**Task brief**
With the pictures left out, write out exactly the lines of the listing below that run from the line with "A swimming pool" through the line with "Mutlu bir çift".

**Data provided**
────
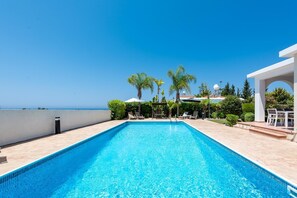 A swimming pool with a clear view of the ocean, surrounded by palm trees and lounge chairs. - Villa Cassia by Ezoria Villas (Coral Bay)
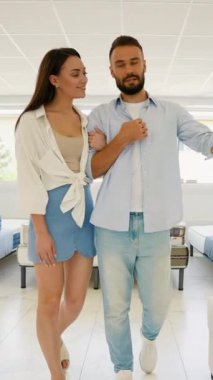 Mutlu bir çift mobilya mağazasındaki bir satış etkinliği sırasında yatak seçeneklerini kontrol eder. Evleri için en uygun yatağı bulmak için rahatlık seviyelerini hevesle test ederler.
────
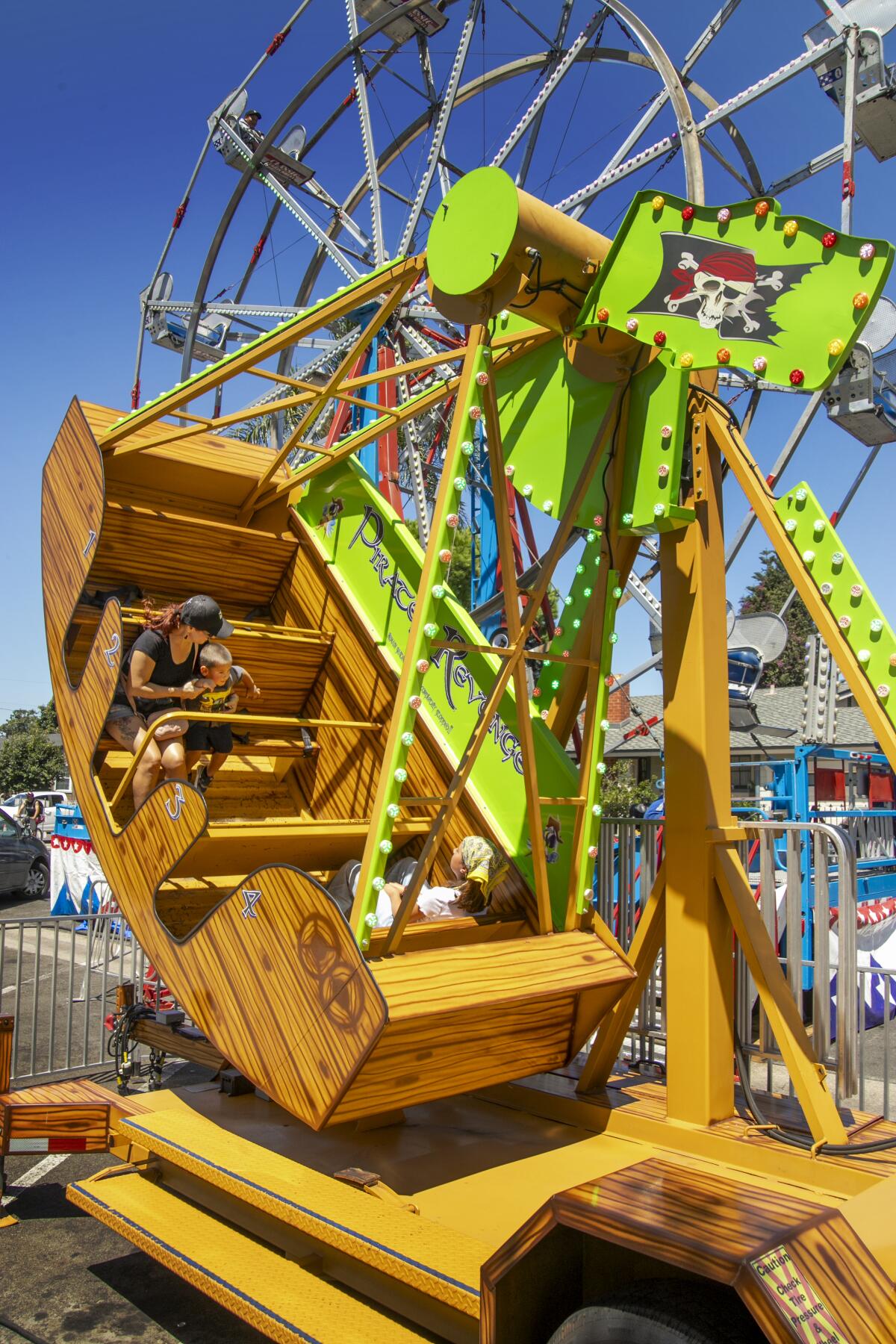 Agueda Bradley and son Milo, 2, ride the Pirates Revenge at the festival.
────
**Result**
 A swimming pool with a clear view of the ocean, surrounded by palm trees and lounge chairs. - Villa Cassia by Ezoria Villas (Coral Bay)
 Mutlu bir çift mobilya mağazasındaki bir satış etkinliği sırasında yatak seçeneklerini kontrol eder. Evleri için en uygun yatağı bulmak için rahatlık seviyelerini hevesle test ederler.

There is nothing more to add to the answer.